Repeat precisely the line in which "Nike Air Jordan" occurs and all lines that follow it in the entries below. Pictures must be omitted.

*** SUPPLIED INFORMATION Section Begins ***

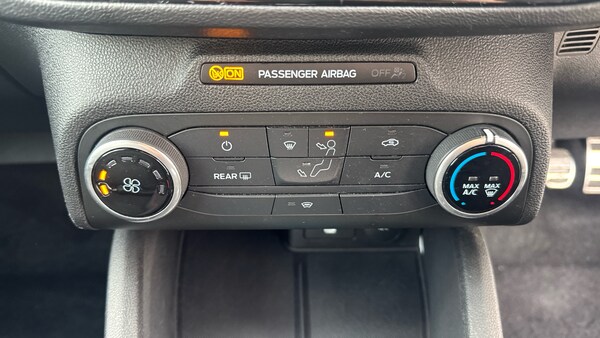 Used Ford Focus 2020 for sale - 76205402: Photo 31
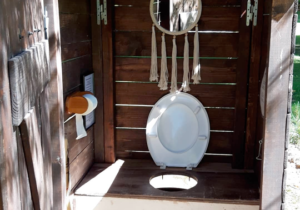 vue sur l'intérieur de nos toilettes sèches de style champetre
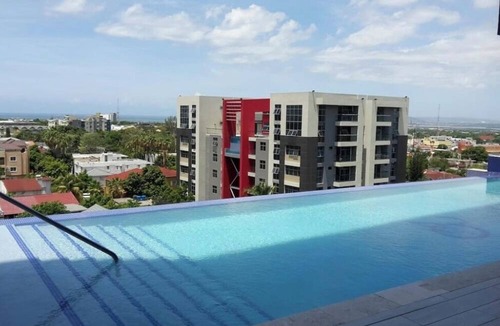 Saint Andrew Apartment | Apartment with roof top pool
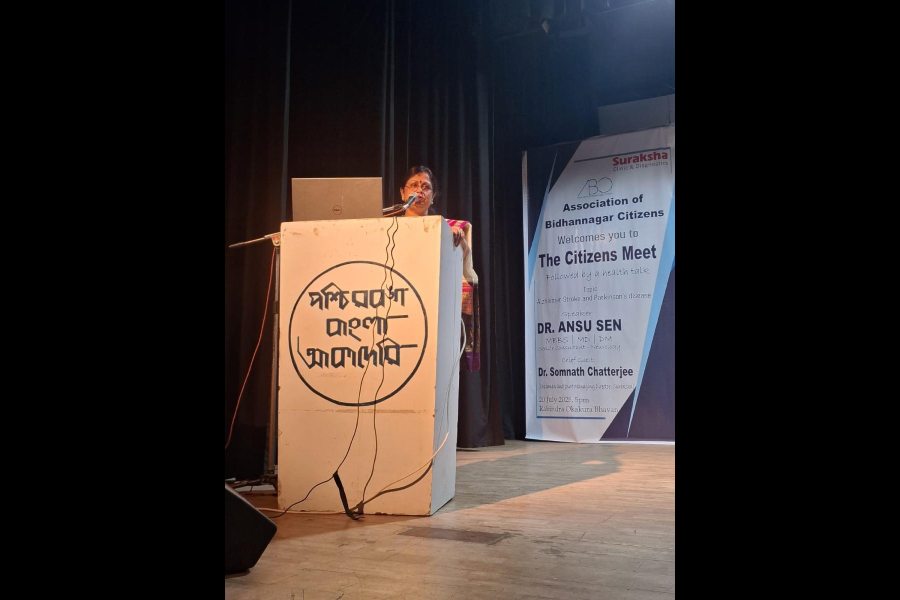 President Satarupa Sanyal welcomes the audience at the citizens’ meet
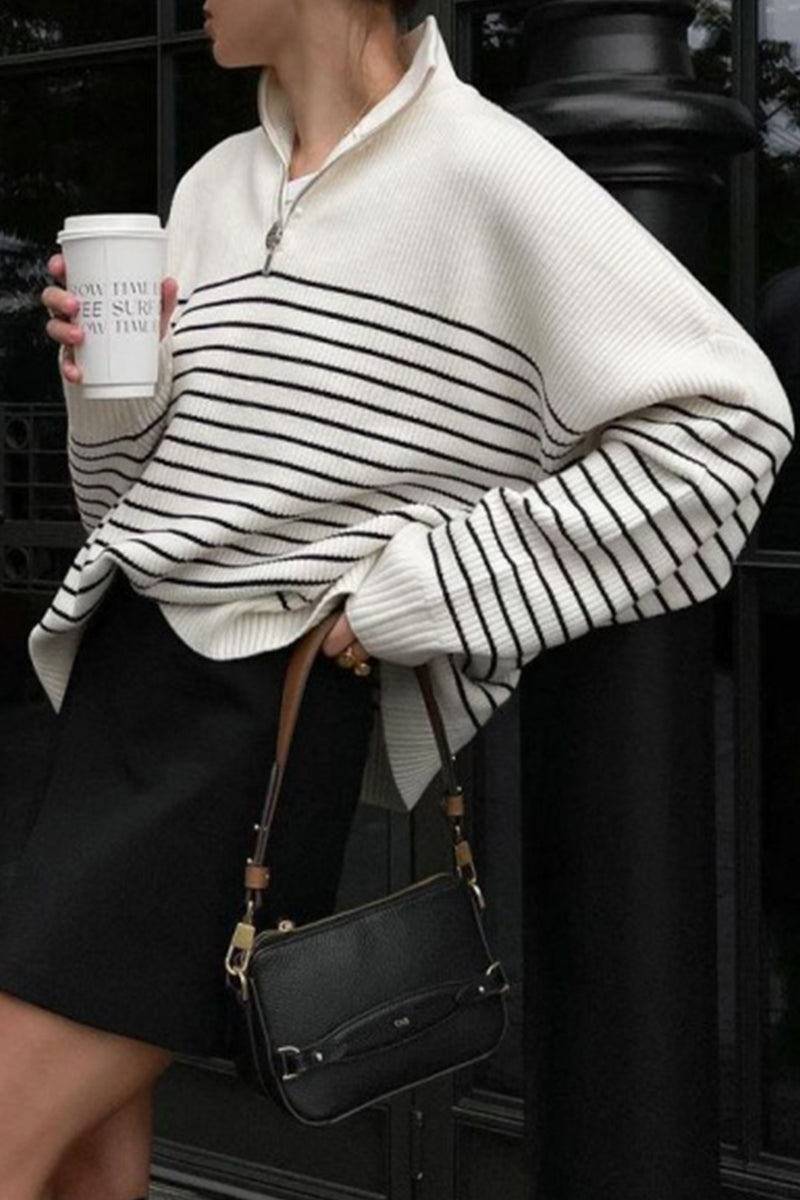 Tops casuales con cuello vuelto en contraste a rayas y cuadros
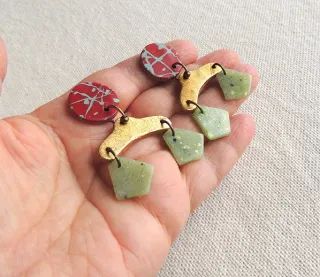 Pendientes arcilla polimérica rojos y verdes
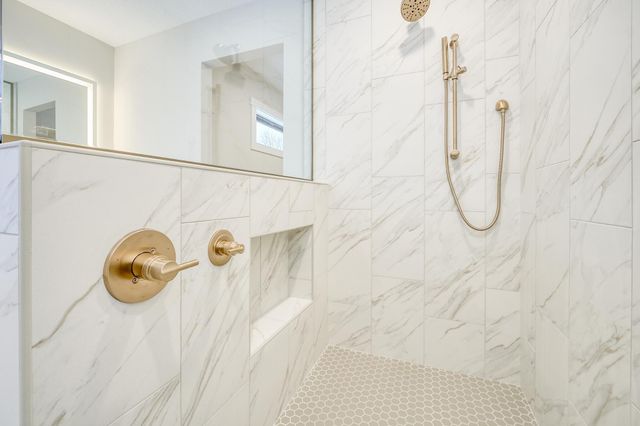 5875 Afton Road, Excelsior, MN 55331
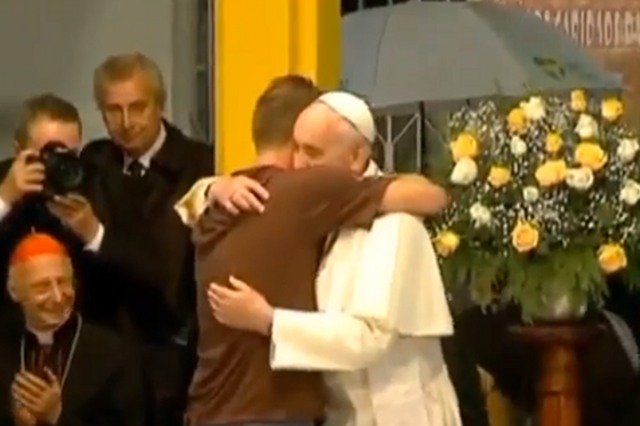 Podczas wizyty w szpitalu papież Franciszek uściskał walczących z nałogiem narkomanów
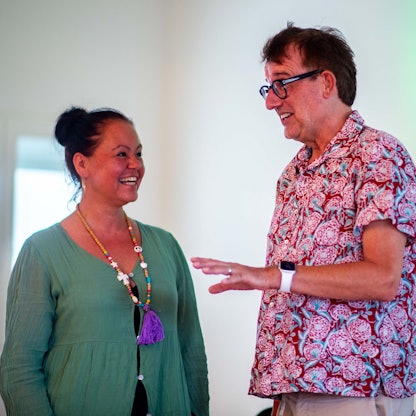 Das Bild zeigt Tanja Milden und Christoph Brüske auf der Bühne im Brauhaus im Gespräch.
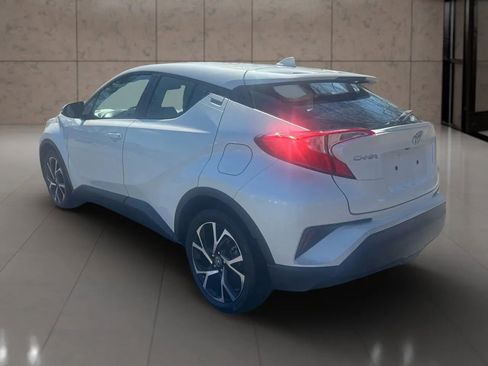 Used 2018 Toyota C-HR XLE image 5
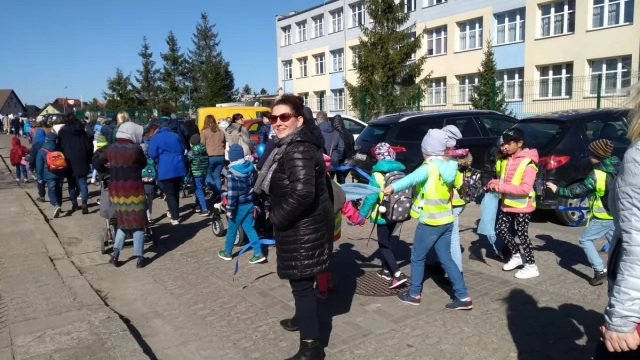Tczew - Ulicami Tczewa przeszedł Marsz na Niebiesko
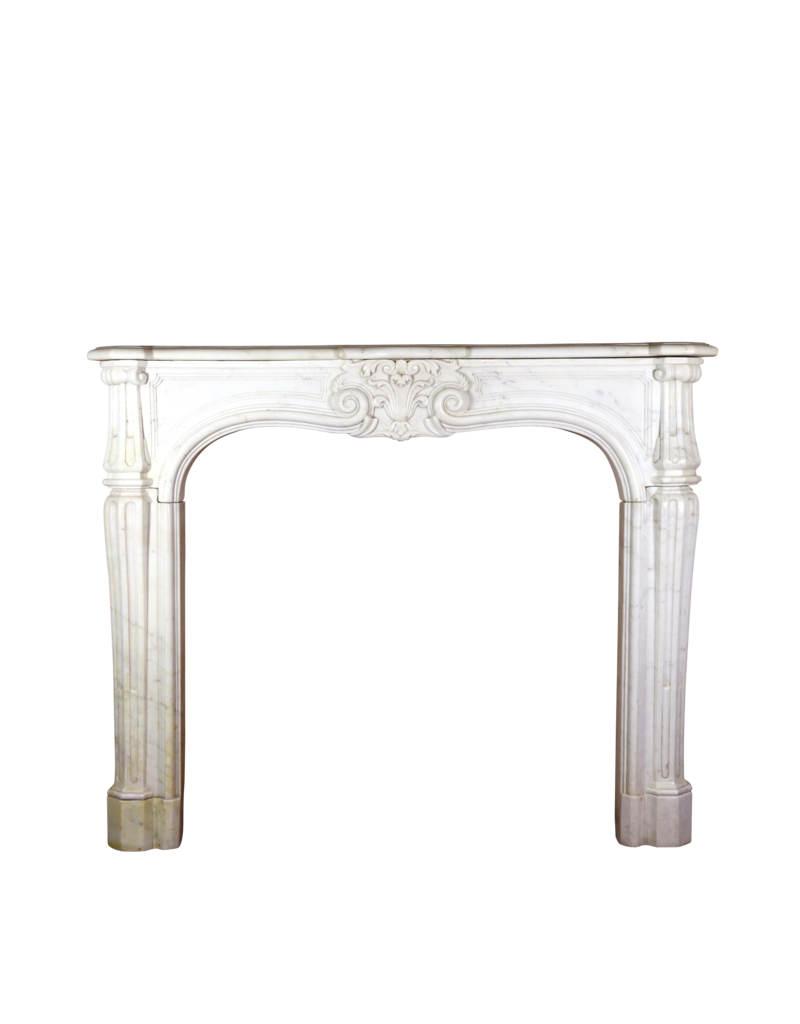 Maison Leon Van den Bogaert Kleine Kaminumrandung aus Carrara-Marmor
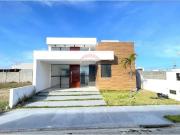 Casa / Sobrado em Condomínio para Venda em Barra dos...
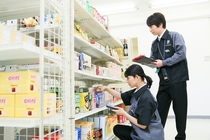 コンビニエンスストアの棚卸代行業務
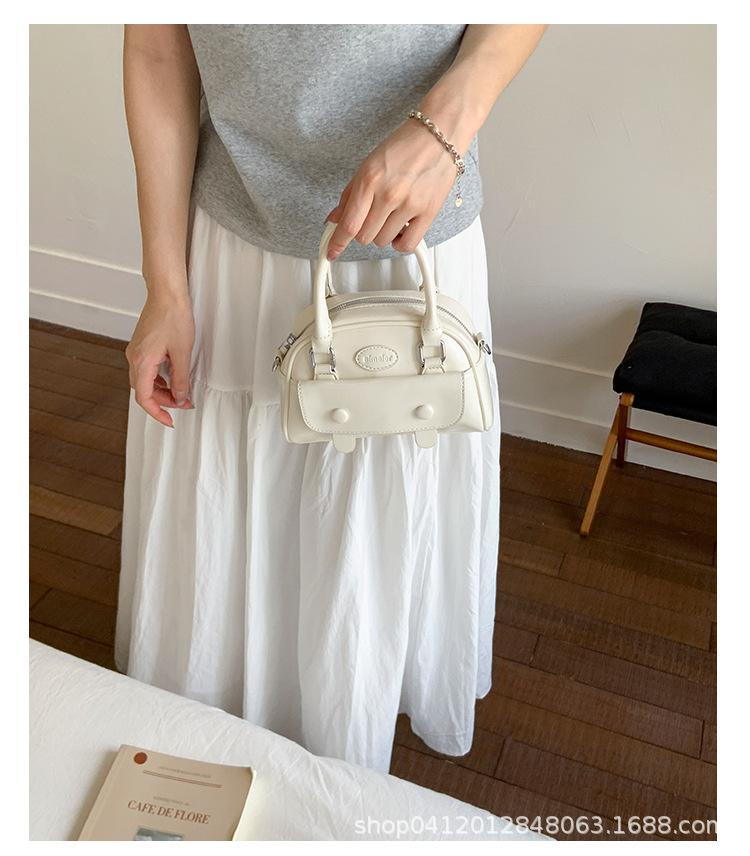 

2025 новая универсальная сумка через плечо нишевая простая сумочка трендовая высококлассная сумка-мессенджер женская сумка-боулинг белый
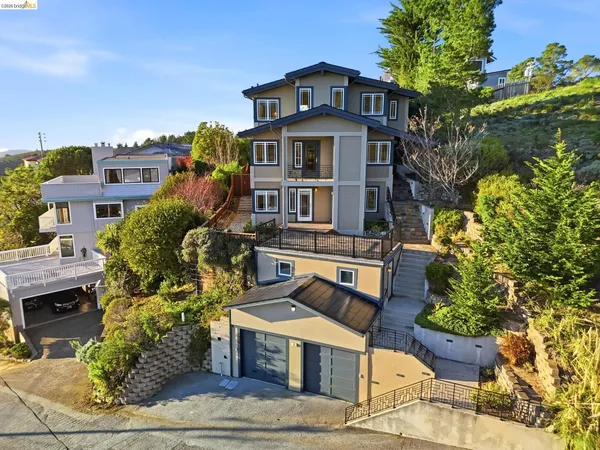 $2,450,000 | 107 Dolphine Avenue, El Granada, CA 94019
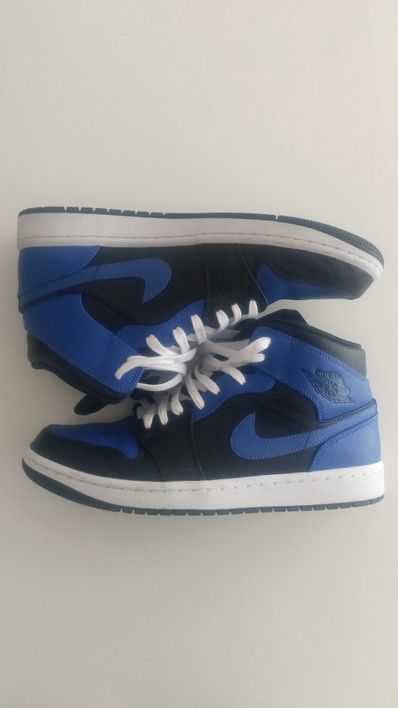 Nike Air Jordan 1 Mid "Hyper Royal"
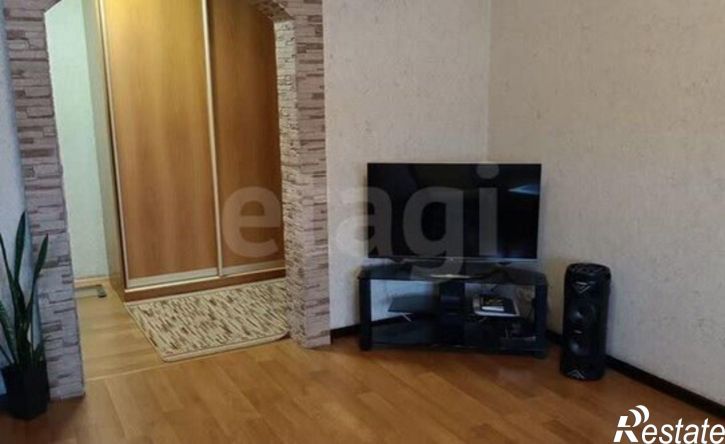 4-комн квартира улица Островского, 7,  д. 7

*** SUPPLIED INFORMATION Section Ends ***

## ANSWER SECTION
 Nike Air Jordan 1 Mid "Hyper Royal"
 4-комн квартира улица Островского, 7,  д. 7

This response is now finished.